日本において親族間の殺人事件が多い、という点についてはこちらも参照されたい。なお、日本における親族間の殺人については進化生物学者長谷川寿一長谷川眞理子による研究がある。両者による『進化と人間行動』(東京大学出版会)の137ページ、149ページ〜153ページを参照されたい。もっとも、同著者による論文「戦後日本の殺人の動向」(『科学』、200年7月号)の紹介を tikani_nemuru_M さんがしておられるので、そちらをご覧いただければはなしは簡単。また、前出拙エントリにコメントを下さっている NORMAN さんが独自に調査した結果を集計しておられるので、そちらもご参照いただきたい。NORMANさんの最新エントリもまた08年における通り魔事件についてのものだ。
日本において親族間の殺人事件が殺人事件全体に占める割合が高い、というのが他の社会と比較した場合の顕著な特徴である(らしい)、という意味でこれは確かに「異常」ではあるといえる。しかしこれは裏を返せば、「見知らぬ人」を被害者とするような殺人事件の比率が日本では低い、という意味での「異常」でもある。「この「異常」」が解消するということは「血縁関係のない知人」および「見知らぬ人」を被害者とする殺人事件の比率が高くなるということである。
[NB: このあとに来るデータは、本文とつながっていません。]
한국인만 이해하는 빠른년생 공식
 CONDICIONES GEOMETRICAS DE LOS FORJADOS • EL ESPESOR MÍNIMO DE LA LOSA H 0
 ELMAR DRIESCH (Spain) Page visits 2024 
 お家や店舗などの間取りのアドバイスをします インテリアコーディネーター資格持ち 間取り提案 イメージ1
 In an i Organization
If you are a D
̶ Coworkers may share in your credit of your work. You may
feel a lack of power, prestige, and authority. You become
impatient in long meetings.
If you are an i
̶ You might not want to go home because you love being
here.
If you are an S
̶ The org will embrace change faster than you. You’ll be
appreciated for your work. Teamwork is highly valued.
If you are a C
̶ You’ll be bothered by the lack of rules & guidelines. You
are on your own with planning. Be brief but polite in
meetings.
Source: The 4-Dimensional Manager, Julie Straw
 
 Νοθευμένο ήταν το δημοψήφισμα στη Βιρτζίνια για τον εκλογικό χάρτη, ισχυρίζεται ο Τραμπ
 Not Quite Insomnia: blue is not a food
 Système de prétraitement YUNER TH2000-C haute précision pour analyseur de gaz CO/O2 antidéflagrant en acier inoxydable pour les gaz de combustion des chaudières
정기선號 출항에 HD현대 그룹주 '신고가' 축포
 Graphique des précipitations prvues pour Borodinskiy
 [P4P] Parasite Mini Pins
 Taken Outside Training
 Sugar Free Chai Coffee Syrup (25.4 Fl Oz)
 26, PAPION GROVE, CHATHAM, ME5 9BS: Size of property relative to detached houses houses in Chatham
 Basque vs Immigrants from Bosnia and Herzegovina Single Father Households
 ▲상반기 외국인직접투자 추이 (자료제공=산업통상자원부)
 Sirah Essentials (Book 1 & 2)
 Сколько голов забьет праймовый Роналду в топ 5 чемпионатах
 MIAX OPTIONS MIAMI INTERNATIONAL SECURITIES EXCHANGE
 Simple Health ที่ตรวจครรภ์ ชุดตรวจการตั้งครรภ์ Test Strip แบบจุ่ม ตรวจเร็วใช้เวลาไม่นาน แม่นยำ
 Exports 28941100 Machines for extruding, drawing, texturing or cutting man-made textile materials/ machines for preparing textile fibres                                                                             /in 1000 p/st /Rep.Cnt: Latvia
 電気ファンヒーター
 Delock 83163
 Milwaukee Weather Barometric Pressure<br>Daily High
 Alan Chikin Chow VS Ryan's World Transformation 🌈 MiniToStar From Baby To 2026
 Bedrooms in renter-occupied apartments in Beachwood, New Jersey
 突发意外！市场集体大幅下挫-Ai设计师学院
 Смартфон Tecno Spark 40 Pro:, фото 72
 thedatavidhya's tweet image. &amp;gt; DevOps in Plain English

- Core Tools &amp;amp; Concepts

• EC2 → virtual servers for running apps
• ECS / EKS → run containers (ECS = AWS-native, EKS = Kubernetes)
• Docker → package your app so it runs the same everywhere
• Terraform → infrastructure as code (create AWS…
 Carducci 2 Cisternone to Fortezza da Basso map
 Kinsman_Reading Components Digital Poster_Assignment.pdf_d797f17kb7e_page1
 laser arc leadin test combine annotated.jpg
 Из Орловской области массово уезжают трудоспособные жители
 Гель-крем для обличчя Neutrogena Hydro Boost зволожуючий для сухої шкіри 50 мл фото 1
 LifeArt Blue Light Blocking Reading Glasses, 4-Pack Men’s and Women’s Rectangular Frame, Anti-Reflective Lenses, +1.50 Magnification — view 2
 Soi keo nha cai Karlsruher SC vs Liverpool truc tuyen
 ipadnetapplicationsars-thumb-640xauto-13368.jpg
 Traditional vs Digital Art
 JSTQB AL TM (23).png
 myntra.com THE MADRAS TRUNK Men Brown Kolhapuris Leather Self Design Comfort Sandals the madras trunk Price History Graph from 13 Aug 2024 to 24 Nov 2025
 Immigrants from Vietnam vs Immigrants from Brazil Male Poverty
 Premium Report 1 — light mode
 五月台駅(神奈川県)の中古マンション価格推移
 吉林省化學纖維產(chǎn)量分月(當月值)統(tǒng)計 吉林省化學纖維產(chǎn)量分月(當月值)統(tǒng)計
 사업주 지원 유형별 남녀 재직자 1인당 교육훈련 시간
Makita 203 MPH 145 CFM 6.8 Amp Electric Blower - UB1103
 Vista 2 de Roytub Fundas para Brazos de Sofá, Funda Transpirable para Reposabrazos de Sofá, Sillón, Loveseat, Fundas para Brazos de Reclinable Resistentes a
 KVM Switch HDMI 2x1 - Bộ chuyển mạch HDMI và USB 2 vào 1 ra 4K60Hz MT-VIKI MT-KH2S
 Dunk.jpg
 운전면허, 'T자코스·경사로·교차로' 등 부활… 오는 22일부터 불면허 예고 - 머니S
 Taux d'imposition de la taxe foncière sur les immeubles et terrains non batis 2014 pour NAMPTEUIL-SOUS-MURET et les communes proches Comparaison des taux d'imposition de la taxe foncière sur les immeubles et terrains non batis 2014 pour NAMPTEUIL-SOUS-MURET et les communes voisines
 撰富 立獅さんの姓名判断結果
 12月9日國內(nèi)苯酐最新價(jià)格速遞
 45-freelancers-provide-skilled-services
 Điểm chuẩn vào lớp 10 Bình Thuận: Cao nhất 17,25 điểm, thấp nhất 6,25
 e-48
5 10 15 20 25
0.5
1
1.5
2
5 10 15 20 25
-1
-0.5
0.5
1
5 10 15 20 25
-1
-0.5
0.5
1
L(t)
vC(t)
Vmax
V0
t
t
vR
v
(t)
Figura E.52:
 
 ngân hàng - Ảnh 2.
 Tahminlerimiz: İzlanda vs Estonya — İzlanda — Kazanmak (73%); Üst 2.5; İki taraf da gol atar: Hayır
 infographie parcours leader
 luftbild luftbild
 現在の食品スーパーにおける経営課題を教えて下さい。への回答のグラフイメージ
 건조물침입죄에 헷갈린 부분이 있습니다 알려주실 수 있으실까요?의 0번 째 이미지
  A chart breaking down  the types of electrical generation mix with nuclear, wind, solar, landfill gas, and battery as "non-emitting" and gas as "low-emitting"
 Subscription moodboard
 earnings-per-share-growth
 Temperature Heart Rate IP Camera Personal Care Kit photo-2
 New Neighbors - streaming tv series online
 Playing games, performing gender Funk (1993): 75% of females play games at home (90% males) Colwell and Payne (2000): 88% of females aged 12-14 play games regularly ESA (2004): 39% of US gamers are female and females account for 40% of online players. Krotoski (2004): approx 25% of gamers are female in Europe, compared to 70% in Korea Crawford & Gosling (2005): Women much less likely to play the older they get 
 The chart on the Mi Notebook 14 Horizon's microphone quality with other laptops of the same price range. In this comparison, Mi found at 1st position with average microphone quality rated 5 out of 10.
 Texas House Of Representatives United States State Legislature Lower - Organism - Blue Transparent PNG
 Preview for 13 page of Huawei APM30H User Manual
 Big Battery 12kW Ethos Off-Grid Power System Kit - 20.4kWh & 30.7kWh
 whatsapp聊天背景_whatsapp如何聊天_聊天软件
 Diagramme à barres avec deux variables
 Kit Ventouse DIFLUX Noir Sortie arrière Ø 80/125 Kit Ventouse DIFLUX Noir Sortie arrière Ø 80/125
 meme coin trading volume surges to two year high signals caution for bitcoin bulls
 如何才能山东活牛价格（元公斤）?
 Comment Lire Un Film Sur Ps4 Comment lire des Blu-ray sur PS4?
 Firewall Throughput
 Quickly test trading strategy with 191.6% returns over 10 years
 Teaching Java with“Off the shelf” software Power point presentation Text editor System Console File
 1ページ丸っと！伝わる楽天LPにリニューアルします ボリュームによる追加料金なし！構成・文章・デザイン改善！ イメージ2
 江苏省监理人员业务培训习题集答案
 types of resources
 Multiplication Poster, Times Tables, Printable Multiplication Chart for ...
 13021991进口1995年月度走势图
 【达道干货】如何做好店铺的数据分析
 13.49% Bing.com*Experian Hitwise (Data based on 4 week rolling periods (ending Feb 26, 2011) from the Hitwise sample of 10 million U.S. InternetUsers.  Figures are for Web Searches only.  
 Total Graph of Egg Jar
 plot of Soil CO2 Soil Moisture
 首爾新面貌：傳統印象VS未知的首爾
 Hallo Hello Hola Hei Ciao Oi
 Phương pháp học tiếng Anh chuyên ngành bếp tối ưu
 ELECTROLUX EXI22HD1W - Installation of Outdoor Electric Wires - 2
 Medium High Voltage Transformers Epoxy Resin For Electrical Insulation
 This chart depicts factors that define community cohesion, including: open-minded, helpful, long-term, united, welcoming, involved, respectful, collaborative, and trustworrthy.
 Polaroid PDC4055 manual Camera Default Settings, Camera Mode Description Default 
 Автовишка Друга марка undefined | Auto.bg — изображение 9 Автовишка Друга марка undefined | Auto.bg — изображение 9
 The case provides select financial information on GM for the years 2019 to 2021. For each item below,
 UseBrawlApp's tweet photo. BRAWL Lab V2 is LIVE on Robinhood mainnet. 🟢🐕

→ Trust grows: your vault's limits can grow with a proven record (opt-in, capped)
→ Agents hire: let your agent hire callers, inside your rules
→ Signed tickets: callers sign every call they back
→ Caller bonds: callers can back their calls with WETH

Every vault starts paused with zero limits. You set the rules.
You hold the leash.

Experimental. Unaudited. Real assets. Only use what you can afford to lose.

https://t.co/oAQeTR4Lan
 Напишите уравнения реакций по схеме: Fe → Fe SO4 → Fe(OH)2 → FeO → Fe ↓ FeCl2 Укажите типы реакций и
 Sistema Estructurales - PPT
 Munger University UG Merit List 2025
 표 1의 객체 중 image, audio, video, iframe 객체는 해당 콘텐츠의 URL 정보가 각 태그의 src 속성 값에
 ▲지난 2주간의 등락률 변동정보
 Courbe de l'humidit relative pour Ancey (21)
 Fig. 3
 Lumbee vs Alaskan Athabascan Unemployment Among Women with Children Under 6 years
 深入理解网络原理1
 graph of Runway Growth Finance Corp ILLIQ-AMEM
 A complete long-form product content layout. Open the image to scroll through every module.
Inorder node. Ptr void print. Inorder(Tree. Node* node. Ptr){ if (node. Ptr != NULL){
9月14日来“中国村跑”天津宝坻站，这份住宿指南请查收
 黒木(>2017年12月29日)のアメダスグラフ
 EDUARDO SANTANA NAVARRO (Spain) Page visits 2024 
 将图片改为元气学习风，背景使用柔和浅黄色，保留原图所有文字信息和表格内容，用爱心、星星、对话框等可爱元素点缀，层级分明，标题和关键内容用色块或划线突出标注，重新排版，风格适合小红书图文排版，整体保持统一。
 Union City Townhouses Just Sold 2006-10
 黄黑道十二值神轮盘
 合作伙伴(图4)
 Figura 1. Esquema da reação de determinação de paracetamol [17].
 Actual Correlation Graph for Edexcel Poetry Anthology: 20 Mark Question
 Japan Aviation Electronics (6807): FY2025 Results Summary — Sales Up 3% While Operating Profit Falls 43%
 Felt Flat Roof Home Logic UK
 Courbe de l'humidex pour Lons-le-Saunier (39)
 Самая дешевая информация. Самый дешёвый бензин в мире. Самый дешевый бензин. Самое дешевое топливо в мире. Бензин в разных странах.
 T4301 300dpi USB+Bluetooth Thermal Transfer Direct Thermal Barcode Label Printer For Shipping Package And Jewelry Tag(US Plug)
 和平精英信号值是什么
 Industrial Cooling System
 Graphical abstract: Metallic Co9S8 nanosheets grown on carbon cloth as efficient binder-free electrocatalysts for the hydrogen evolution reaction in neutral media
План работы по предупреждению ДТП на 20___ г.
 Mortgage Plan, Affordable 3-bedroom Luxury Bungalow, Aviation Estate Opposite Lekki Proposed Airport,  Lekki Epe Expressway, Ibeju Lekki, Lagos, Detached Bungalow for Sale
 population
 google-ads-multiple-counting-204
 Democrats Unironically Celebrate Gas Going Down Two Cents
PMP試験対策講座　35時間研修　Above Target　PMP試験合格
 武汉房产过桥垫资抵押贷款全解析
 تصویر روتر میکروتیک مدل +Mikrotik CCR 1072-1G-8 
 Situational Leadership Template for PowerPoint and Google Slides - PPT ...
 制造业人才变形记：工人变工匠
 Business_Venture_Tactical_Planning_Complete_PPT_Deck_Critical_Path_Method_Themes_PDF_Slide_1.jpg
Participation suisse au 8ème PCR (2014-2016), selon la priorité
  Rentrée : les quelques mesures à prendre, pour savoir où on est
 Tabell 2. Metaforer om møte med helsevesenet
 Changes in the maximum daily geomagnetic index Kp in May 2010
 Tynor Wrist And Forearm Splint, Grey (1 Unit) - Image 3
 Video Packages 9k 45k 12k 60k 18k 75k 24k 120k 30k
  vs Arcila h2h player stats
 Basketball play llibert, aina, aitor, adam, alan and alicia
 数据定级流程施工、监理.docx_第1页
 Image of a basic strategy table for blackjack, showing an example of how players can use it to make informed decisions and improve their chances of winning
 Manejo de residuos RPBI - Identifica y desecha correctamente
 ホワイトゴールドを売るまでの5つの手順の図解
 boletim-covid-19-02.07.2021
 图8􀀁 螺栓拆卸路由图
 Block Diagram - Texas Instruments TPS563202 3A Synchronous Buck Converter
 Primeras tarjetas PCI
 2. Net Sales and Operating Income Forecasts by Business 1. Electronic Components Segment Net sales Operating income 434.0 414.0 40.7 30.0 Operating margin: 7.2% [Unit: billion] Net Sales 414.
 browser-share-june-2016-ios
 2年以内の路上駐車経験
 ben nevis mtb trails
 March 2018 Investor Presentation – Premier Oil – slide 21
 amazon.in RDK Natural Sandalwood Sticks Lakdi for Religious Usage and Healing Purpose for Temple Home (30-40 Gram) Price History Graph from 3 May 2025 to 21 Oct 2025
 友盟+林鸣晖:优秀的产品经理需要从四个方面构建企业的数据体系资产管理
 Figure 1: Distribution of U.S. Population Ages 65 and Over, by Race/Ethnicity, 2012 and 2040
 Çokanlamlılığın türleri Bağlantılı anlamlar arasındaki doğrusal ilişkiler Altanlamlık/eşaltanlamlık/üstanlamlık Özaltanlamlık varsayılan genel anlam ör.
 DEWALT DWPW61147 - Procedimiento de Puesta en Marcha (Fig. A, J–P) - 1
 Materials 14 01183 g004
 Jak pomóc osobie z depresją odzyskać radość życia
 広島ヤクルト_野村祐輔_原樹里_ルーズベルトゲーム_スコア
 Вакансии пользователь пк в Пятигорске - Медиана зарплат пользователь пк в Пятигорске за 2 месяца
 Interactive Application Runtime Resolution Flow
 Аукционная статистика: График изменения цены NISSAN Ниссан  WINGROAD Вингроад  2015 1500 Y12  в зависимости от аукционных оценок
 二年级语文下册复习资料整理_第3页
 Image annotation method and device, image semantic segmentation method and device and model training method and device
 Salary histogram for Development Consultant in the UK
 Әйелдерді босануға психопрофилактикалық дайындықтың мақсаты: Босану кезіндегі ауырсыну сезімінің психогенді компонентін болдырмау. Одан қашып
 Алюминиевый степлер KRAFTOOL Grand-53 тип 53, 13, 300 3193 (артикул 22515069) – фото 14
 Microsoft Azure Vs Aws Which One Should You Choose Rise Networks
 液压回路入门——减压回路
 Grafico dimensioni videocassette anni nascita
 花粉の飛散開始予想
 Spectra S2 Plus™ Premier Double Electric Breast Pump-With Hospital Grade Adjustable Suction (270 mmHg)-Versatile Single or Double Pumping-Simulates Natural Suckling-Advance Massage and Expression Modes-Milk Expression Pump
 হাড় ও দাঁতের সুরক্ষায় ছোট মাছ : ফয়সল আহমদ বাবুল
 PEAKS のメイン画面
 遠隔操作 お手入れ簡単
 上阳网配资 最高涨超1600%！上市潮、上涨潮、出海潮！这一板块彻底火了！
そしてこの「異常」は殺人事件全体が大きくその数を減らしたのに対して親族間の殺人はさほど減っていないことによって起きている以上、それが解消するとすれば「血縁関係のない知人」および「見知らぬ人」を被害者とする殺人事件が再び増えたときであろう。
そもそもこの「異常」の背景が「自分のリアルな生活圏の外に、あるかなきかの夢を過大にふくらますという(…)習癖」だ、というのがいかにも唐突である。むしろ親族間の殺人は、「リアルな生活圏」の外部への展望がもてないからこそ起きるのではないだろうか。もちろん展望と「過大」に膨らんだ「夢」とは違う、とは言いうるだろう。しかしそんな「習癖」があってそれが殺人事件の動向と関係があるなら、現代日本社会はもっと攻撃性が「見知らぬ人」に向かうような、通り魔殺人事件の多い社会であったはずだとも言えるのではないだろうか。前半と後半で問題意識がつながっていないうえに、後半では説明すべきことをとり違えているように思えてならない。